Lung Mets - visit with oncologist - Page 2

Kavy · 07-21-2007, 10:26 PM

Kate,

I already PM you. I just want to add that I will be praying for you on Thursday too.
A big hug,

KarlaV.

lu ann · 07-22-2007, 12:19 AM

I was on TCH 3 years ago and had a very positive result. My CA15 tumor markers, which were 345 at diagnosis were normal after 4 months of tx.. I also had the same weekly schedule which was easier on my body. I didn't lose all my hair and it started to grow back the 5th month of treatment. I also didn't have as much aches and pains. I'll continue to pray that you will have healing. Love and Blessings, Lu Ann.

tousled1 · 07-22-2007, 08:09 AM

Thank you everyone for your words of encouragement.

Alice, it was determined to be lung mets via the amount of uptake in the nodes. No biopsy is scheduled at this time - thank God, as I understand that's not too comfortable a thing.

The "big guns" as my oncologist put it refers to the Tykerb, Xeloda combo. Hopefully I won't need them.

I'm just hoping that Taxol will be esier on me than the Taxatore!

But, whatever the side effects I'm ready for the fight!

hutchibk · 07-22-2007, 11:21 AM

Kate- Taxol was MUCH easier for me than Taxotere. (though I had Taxotere with Big Red and Cytoxan, so it's hard to determine which was the most evil of all...)

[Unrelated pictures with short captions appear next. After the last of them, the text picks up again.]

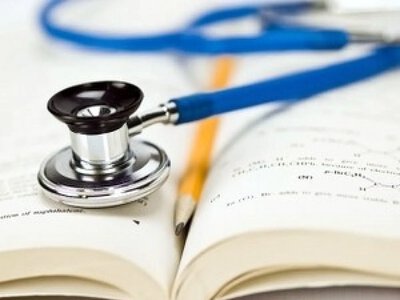У ВНУ імені Лесі Українки МОН збільшило кількість бюджетних місць на медицину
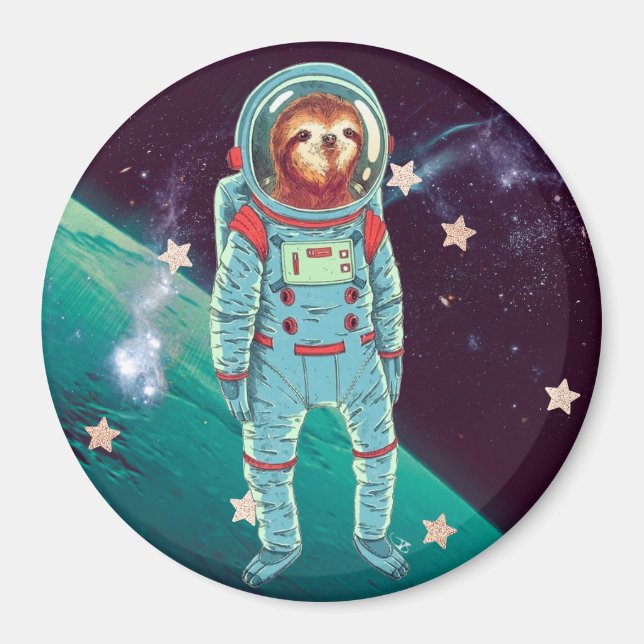 Imã Lã Cuta (Frente)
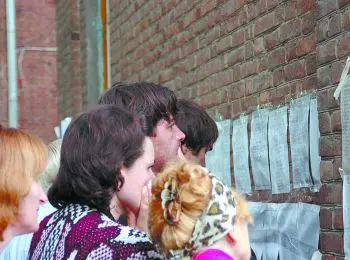 Бесланский апокалипсис - Совершенно Секретно Бесланский апокалипсис - Совершенно Секретно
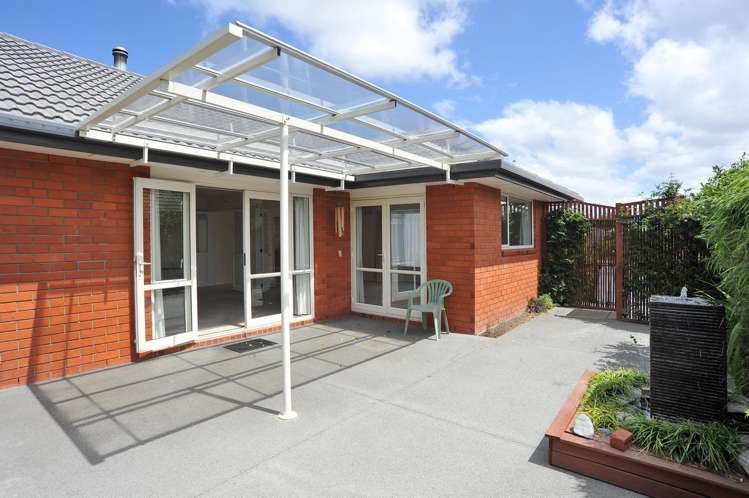 41 Kintyre Drive Broomfield_20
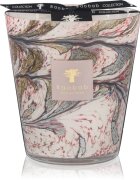 Baobab Collection Leaves Manon dišeča sveča 1000 g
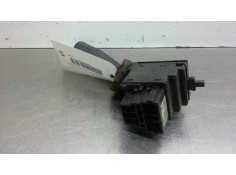 Recambio de mando luces para peugeot 306 berlina 3/5 puertas (s1) 1.9 turbodiesel cat referencia OEM IAM    2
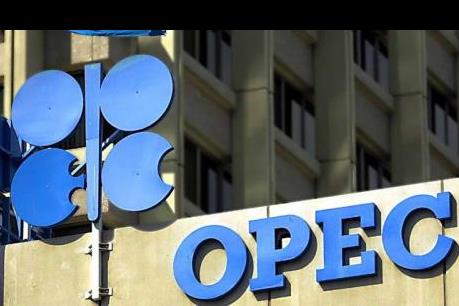 OPEC sẽ không đơn phương cắt giảm sản lượng dầu thô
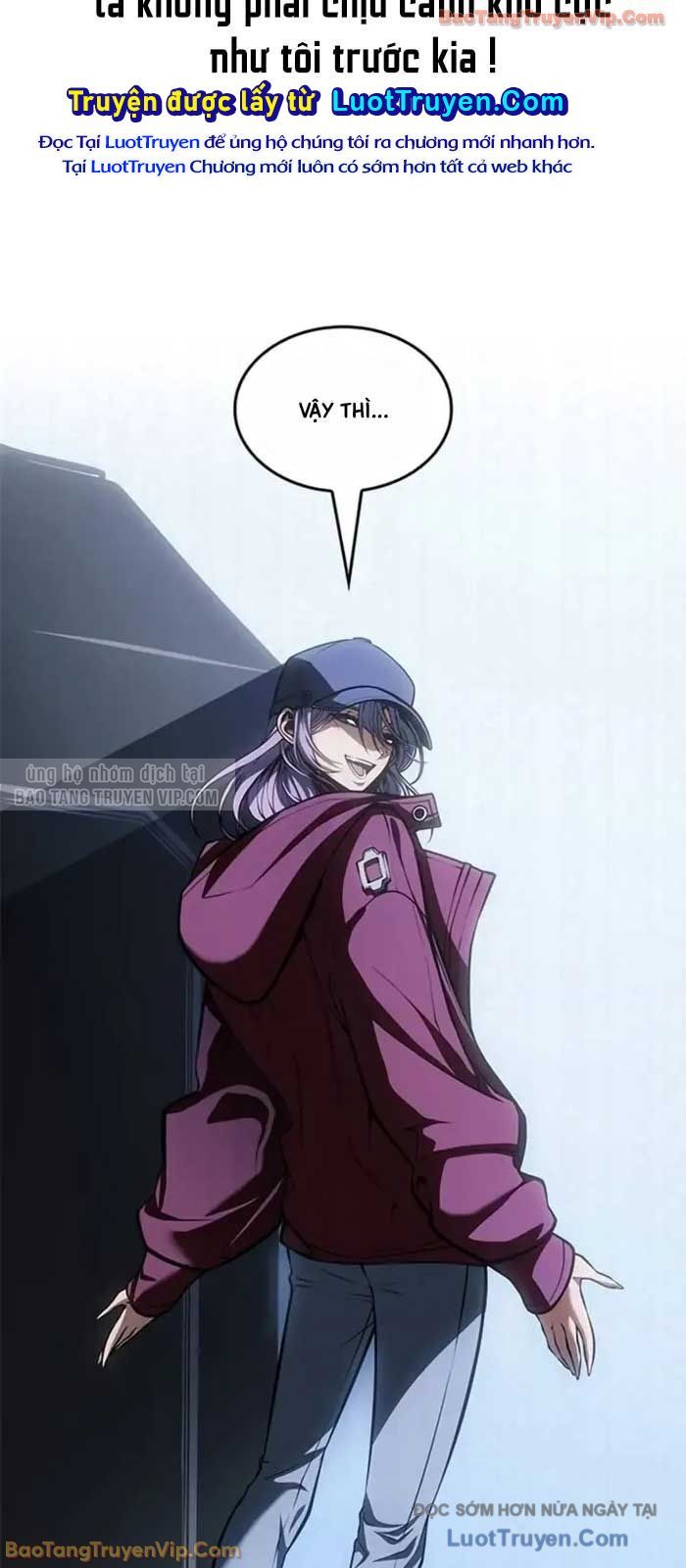 đọc truyện Tạp Huyết Chương 67 ảnh 67 tại Thiên Thai Truyện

My only noticeable side effects on Taxol were fatigue and the periperal neuropathy of numb fingertips and numb toes and balls of my feet. That has already pretty much cleared up for me after only 4 months off of Taxol. And glutamine is very helpful for mitigating the numbness, and no interference with the chemo. (one scoop glut. powder in a shot of juice 3xday). B6/BComplex are also very helpful, but I believe you can't take it 24 hours prior to Carbo or 5 days post Carbo due to interference.

The Carbo gave me the mildest form of queasiness for about 2 days after a treatment, but totally tolerable. Oh and the ever popular baldie renaldie look. (and with Carbo in the mix, my hair didn't grow at all like the sprigs that came in on Taxol alone)

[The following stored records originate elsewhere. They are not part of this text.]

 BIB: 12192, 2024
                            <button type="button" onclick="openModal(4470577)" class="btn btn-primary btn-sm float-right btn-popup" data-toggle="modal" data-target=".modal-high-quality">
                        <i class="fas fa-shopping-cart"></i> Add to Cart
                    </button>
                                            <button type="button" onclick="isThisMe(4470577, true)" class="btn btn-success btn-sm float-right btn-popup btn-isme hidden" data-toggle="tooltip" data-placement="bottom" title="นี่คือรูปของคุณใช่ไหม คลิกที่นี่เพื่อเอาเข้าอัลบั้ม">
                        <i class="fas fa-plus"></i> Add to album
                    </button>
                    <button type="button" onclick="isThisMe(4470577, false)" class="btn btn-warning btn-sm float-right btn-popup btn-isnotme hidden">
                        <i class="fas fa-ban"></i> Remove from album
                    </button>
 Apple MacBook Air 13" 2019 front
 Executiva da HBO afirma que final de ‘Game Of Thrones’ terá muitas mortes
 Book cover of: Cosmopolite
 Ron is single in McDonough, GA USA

The Herceptin caused the hallmark drippy nose and drippy eyes. (Patanol eyedrops seemed to help)

Mary Anne in TX · 07-22-2007, 11:51 AM

Hi Kate!
I found that Taxol was much easier on me than Taxotere!!!! Much!
I did Taxol with Carboplatin and herceptin and it wasn't too bad. I did do all the prep stuff to make it easier and I did have stomach problems, but got a "magic little blue pill" (sorry, I don't know what it was) that took care of it in minutes!!! That's one thing I didn't play games with. It taught me to "take care of business" quickly! Well, anyway, I do think that you will find the Taxol doable.
It was when I started the taxol combo that I decided that "attitude is everything"! I walked faithfully each day and treated myself well. I bought eyelashes that never came out of the box, but made me feel better just knowing they were there, just incase I got invited to the "Cinderella's Ball"!!!
Kate, I'm pulling for you to do super well on the treatment and to get the results you need. You deserve the best life possible!
I think my appreciation for all the huge "little things" in life has been my reward for fighting BC.
Have a marvelous day and know that you are loved and prayed for daily.
mary anne

tousled1 · 07-22-2007, 01:46 PM

Brenda, I too had "big red" and cytoxan with the Taxatore so maybe that's why I had such problems. All I know is that it did it's job.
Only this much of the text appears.